Some analysts had predicted delinquencies were bound to bottom out soon as auto lenders made more subprime loans and competition forced the lenders to loosen standards. It could be too soon to tell whether delinquencies and defaults are broadly increasing.
Still, any upticks in delinquencies and charge-offs were considerably smaller than the rise in automotive lending at the three banks: Wells Fargo, Chase and Capital One.
From a dealership point of view, slightly higher delinquencies and defaults are probably good news. Looser standards mean that it's easier to get customers financed. In the long run, though, higher delinquencies could encourage lenders to tighten the screws on auto loans again.
That time is still a long way off, said Amy Crews Cutts, chief economist for credit bureau Equifax in Atlanta.
"I do not expect higher defaults over the next two years at least" other than traditional seasonal increases, she said in an e-mail this month. She pointed out that growth in subprime auto loans has mostly been at the top end of subprime, a level at which customers are less apt to default.
In addition, she expects employment gains to accelerate. "As they do, car purchases and loan originations will increase as well," she said.
Some of the biggest banks in auto lending are making up for a slight increase in delinquencies or defaults with much bigger volumes in auto lending, based on early third-quarter financial results.
Wells Fargo said its auto-loan originations were $6.3 billion for the quarter, up 20 percent from a year earlier. Delinquencies of 30 days or more on indirect auto loans were 1.4 percent of the total, up from 1.3 percent a year earlier, the bank said. Charge-offs were 0.5 percent, down from 0.7 percent.
According to Experian Automotive, Wells Fargo was the second-biggest U.S. auto lender in the second quarter after Ally Financial. Wells Fargo was No. 1 in used-vehicle financing.
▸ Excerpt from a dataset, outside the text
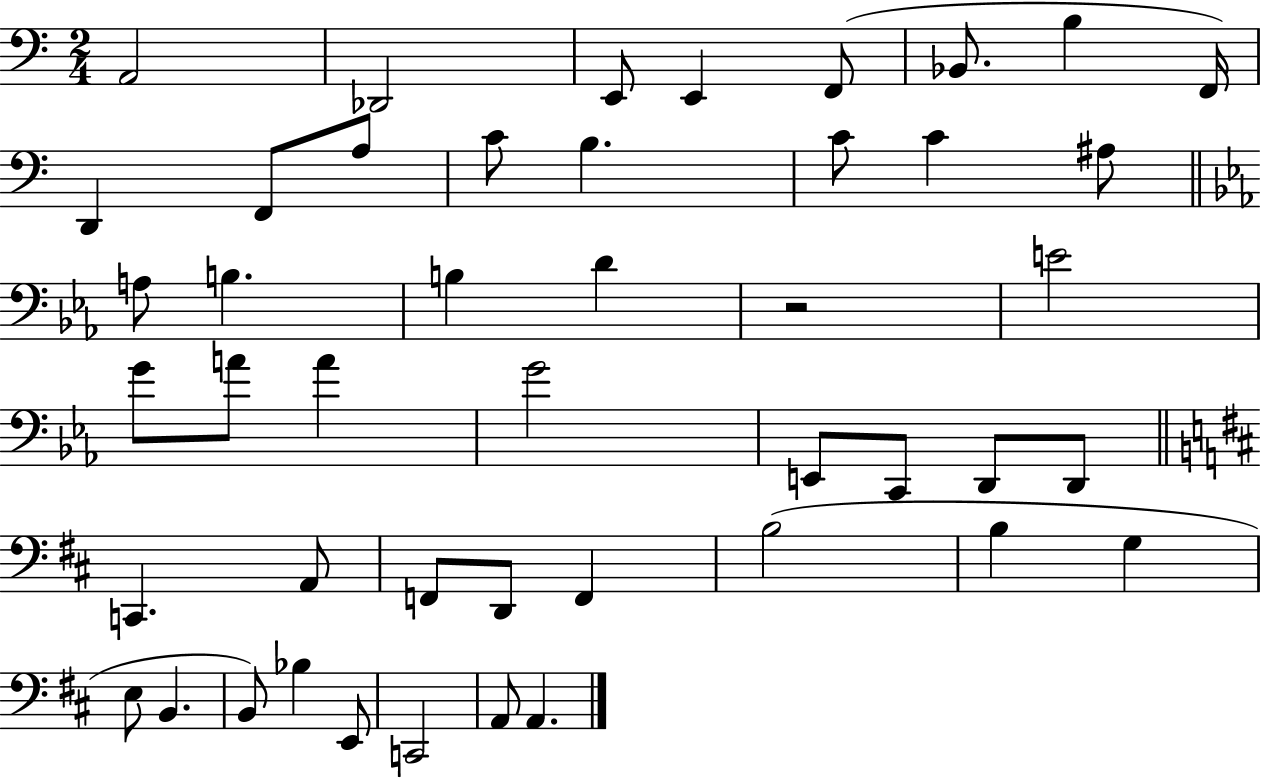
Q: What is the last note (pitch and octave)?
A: A2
Chase's auto lending unit, Chase Auto Finance, reported its auto-loan originations were about $6.3 billion in the third quarter, up about 7 percent from a year earlier. Delinquencies of 30 days or more rose to 1.1 percent of the total from 1.0 percent a year earlier. Charge-offs rose 106 percent to 0.7 percent. Chase was the No. 4 lender overall in the second quarter, Experian Automotive said.
Capital One, the No. 5 U.S. auto lender in the second quarter, according to Experian, said its auto-loan originations were $3.9 billion, up 15 percent from a year ago. Delinquencies of 30 days or more fell 3 percent in the quarter, to 6.1 percent from 6.3 percent a year ago. Charge-offs rose to 1.8 percent, from 1.7 percent a year ago.